JACKSONVILLE, Fla. – New Providence High School football coach Moe Williams has about as good a resume as you will see for a first-time high school head coach.
Standout in college at Michigan. A second-round pick in the NFL. A nine-year NFL career. Started 100 games as a pro. High school assistant coach, connected with the Jaguars as team chaplain.
With all of that past experience, you might think Williams would come into the job at Providence feeling like he was ready to go from day one.
But that’s not the way Williams is approaching his first season as a head coach. Instead, since accepting the job, he’s been reaching out to former teammates and current and former coaches to learn as much as he can before spring practice begins in April.
“I’m learning and just talking to as many people as I can,” Williams said. “I believe that the more people you talk to and gather wisdom, you’ll learn a little bit instead of just jumping in and saying, ‘I got this.’ And so I’ve been talking to coaches, to my high school coaches, and really getting some insight, ‘Hey, how did you do what made you successful?’ It’s been cool.”
One of the former teammates he has spoken with is Todd Fordham, once a fellow offensive tackle with the Jaguars, now an assistant coach at Bolles.
“We have had good conversations, just taking me through the X’s and O’s,” Williams said. “I got a phone call that I have to get to with (former Jaguars’ quarterback) Quinn Gray. We are supposed to talk a little bit about how he did it and he was successful in his high school program. I know Providence and the families that are represented there. And so I’m excited about the kids that I get to work with.”
Williams knows Providence because he spent some time there as an assistant offensive line coach, working with Tony Boselli and then-head coach Jeff Kopp, another former Jaguar. One of the students Williams knows well on the Providence roster is his son, Mason, a ninth-grader playing basketball who will also spend some time on the gridiron.
“He’s 6-foot-1 with a size 16 shoe,” Williams said. “We’re trying to find out what his role will be on the team. So those things make this opportunity exciting.”
In addition to some returning assistants, Williams is reaching out to a number of recognizable names who will join him on the coaching staff. Names like Donovin Darius, Joe Zelenka, Reggie Hayward and Roy Miller are all signed up to be on staff. Greg Jones’ son will be playing, so Williams is looking to bring him in as well. Williams says he has two goals for the program’s first steps: establish consistency and create a culture.

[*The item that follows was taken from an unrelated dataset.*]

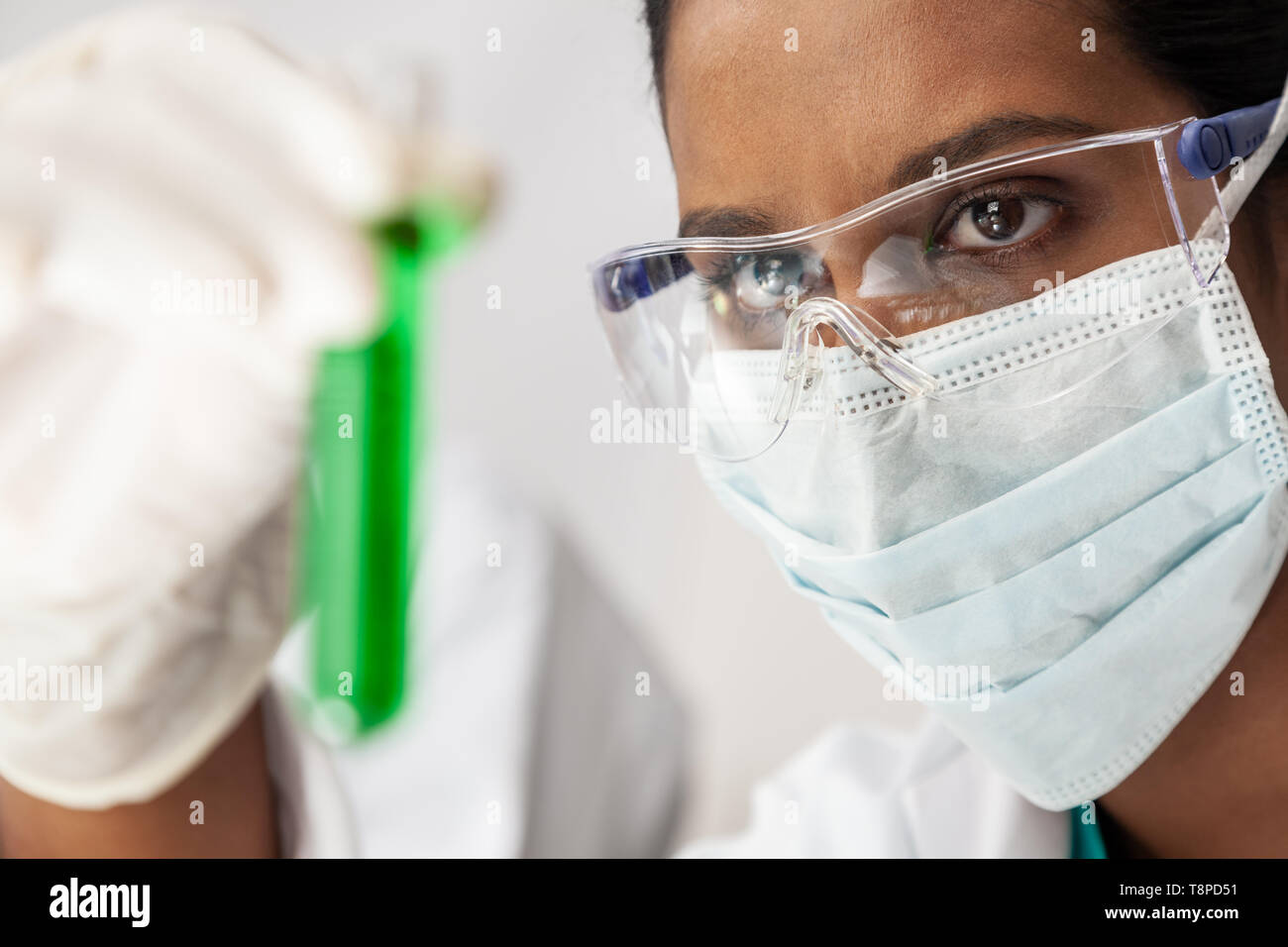 Asiatische Frau medizinische oder wissenschaftliche Forscher oder Arzt an einem Test Tube grüne Lösung in einem Labor oder Labor suchen Stockfoto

“We have had changes on staff the last four years, just being able to solidify the staff,” Williams said. “And then just create a culture where the kids want to be involved and respond. And part of the fun is going out winning games, but also making a culture where the guys who want to work hard, they understand the importance of coming to practice and really being dedicated to their craft. I think that’s the foundation of having a good program, and just connecting well with the parents and making sure they know that they’re on pace with what we’re doing.”
Williams has lofty goals, including trying to get the Providence program to the level of a couple of other local private schools with championship football pedigrees.
“(Parents are) already sending kids over for basketball and baseball. And we’ve kind of shifted the narrative a little bit like, the football program is good too. I think our program will be really special and will be in talks like Trinity (Christian) and Bolles.”
Providence begins spring practice on April 25.